Na terça-feira passada, uma equipe do Ibama formada por dois guias, um veterinário e um agente de fiscalização foi surpreendida por um barco com quatro homens em um afluente do Rio Branco que abriram fogo contra eles. O guia José Santos Cruz foi morto e outras três pessoas ficaram feridas. Tanto o órgão ambiental quanto a polícia suspeitam que os criminosos sejam fornecedores ilegais de quelônios em Manaus.

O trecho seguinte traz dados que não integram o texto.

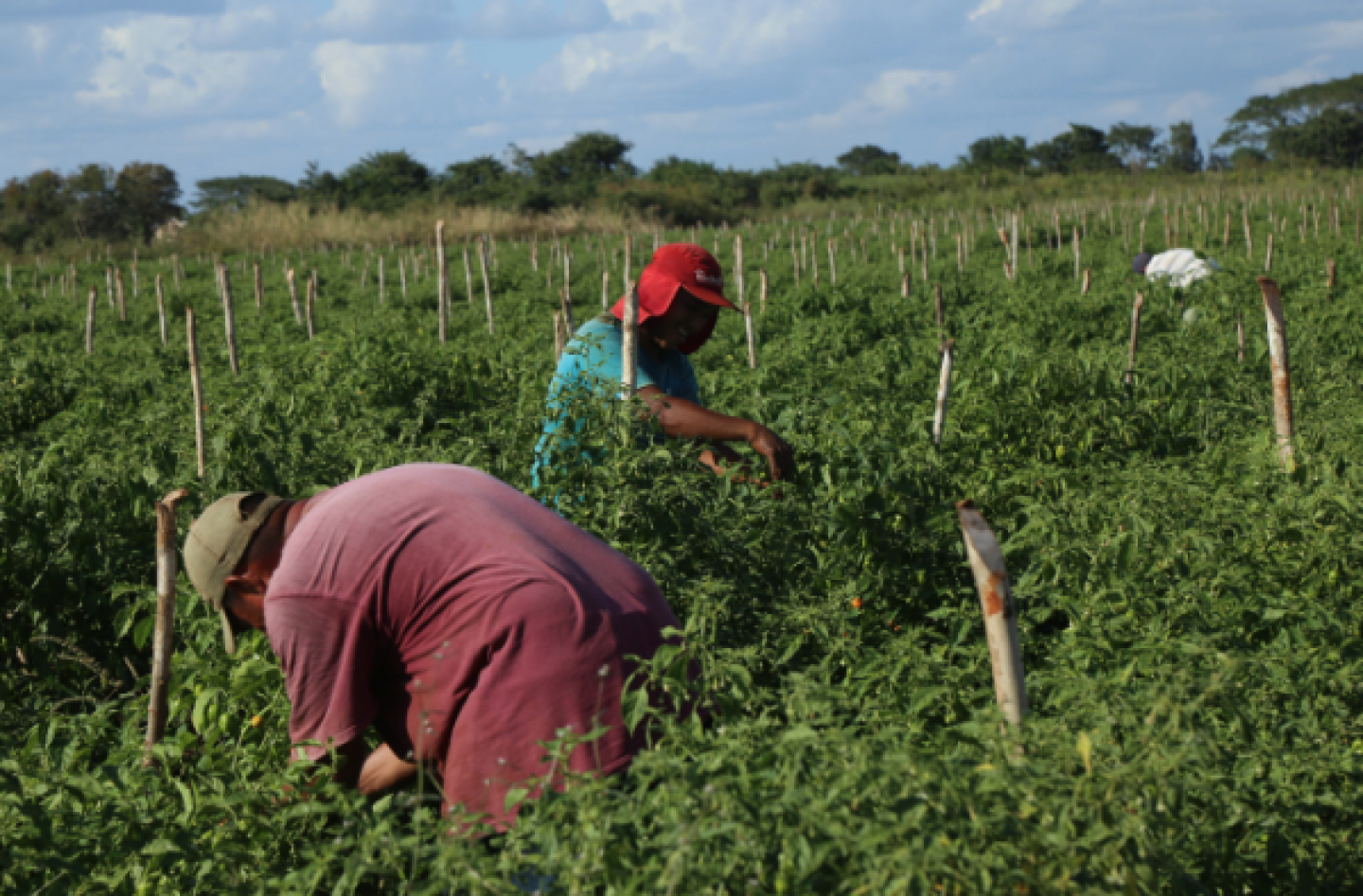 Captura de pantalla 2018-08-17 a la(s) 17.52.20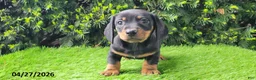 Miniature Dachshund dogs for sale: Pete - Ad 2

“Antes, a caça de tartarugas era feita por pescadores com canoa a remo, hoje quem atua tem barcos melhores que os nossos e utilizam rádio para se comunicarem com bases de apoio”, conta Otacílio Neves Júnior, o mais antigo funcionário do Ibama de Roraima a trabalhar com tartarugas. Segundo ele, quando o Projeto Quelônio foi iniciado há quinze anos, o trabalho consistia em educar os ribeirinhos sobre os danos causados pela alimentação à base das espécies com casco.

Os ovos e a carne de tracajá, como é conhecido o quelônio mais visado, sempre foram tratados como iguarias na região Norte do país. E são especialmente procurados nesta época do ano, porque as comemorações de fim de ano coincidem com o período em que milhares de tartarugas se tornam alvos fáceis nas praias em que desovam. As praias do Rio Branco são apenas uma das fontes para as tartarugadas manauaras. Animais do rio Purus e Solimões também atendem a esta demanda. “É uma questão complicada, onde se misturam degradação ambiental e fatores culturais”, resume o coordenador de operações de fiscalização do Ibama em Brasília, Aristides Salgado Neto.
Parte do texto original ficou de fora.